Capital expenditure of $20-million already under way is all self-financed by the Canada-, Sweden- and Botswana-listed Lucara, which last year generated revenues of $265-million-plus and a cash operating margin of $529/ct from Karowe.
This year’s sales are forecast at 400 000 ct to 420 000 ct at an operating cost of $33/t to $36/t processed.
Currently all material goes through a dense media separation (DMS) unit but in the future all of the material bigger than 75 mm will be subjected to X-ray transmission (XRT) technology, which picks out the diamonds from their carbon, improves recovery of large diamonds and limits diamond damage.
“We’ll be pioneering XRT recovery in diamond processing,” Lucara COO Paul Day told Creamer Media’s Mining Weekly Online.
To treat new density material as the mine deepens, a fundamental change in the circuit has been introduced.
Karowe is in late-stage commissioning of the new circuit, which is expected to be running to design before the end of this month.
XRT is the most technically interesting part of the circuit and de-risks damage to large and exceptional diamonds.
A 342 ct diamond recovered at Karowe in the first quarter of this year will be sold by exceptional diamond tender on July 16.
Lucara sells all its diamonds by open tender in Botswana, which has increased its bidders-to-viewers ratio.
In the past 17 months, 70 diamonds bigger than 100 ct have been recovered, with 12 bigger than 200 ct.

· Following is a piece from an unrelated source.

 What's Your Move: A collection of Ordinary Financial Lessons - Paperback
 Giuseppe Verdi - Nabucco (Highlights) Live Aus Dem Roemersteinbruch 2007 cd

“We’ve almost lost count of the number of large and exceptional stones that we’ve recovered,” Day told the thirteenth Botswana Resources Sector Conference here.

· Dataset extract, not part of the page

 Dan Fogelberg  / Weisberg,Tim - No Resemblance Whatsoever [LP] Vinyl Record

A movie during Day’s presentation to the conference showed the XRT recovering two large diamonds.
The mineralogy of the ore changes at depth to include other minerals associated with diamonds that makes the separation of diamonds from the gangue through DMS less effective.
The revenue that can be achieved from the large diamonds also has to be protected by removing the diamonds from the circuit as early as possible before they are subject to damage from crushing or other attrition.

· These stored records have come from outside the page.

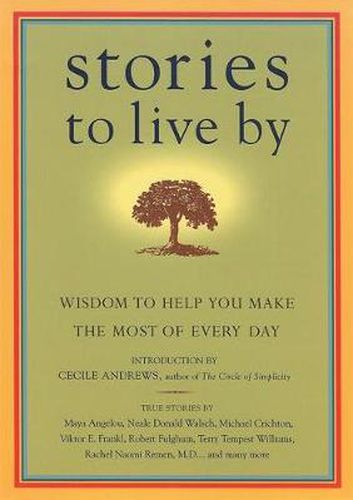 Stories to Live By: Wisdom to Help You Make the Most of Every Day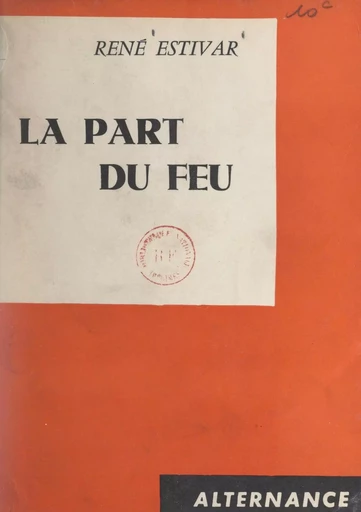 La part du feu - René Estivar - FeniXX réédition numérique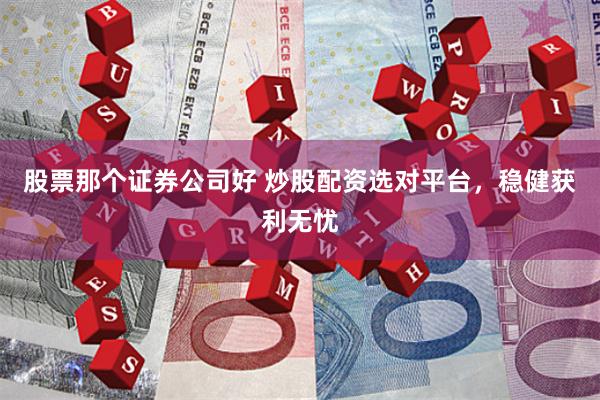 股票那个证券公司好 炒股配资选对平台，稳健获利无忧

To maintain its throughput with a harder material, a secondary crushing circuit has been introduced that will send all material that is 75 mm and over through a secondary gyratory crusher.
The material that is under 75 mm, which contains the large diamonds, will be sent through a separate recovery circuit before it is crushed any further.
A tertiary crusher will also be included in the circuit because as the material gets harder, the opportunity to liberate diamonds becomes less and there is increased diamond lock up.
XRT tailings will then go into a further crushing set up.
All material less than 8 mm will go through the DMS and normal XRT recovery but the material between 8 mm and 60 mm will be taken out of the circuit early and put through the XRT.
“XRT allows us to extract liberated diamonds at the point of liberation rather than crushing and recrushing them and putting them through a DMS type technology.
“We scalp off the plus 8 mm material straight out of the autogenous mill, which is diamond friendly, and it goes straight into the XRT rather that than going to another crushing circuit.
“What we should see is an increased recovery of undamaged larger diamonds and a general reduction in our diamond damage,” Day explained to Mining Weekly Online.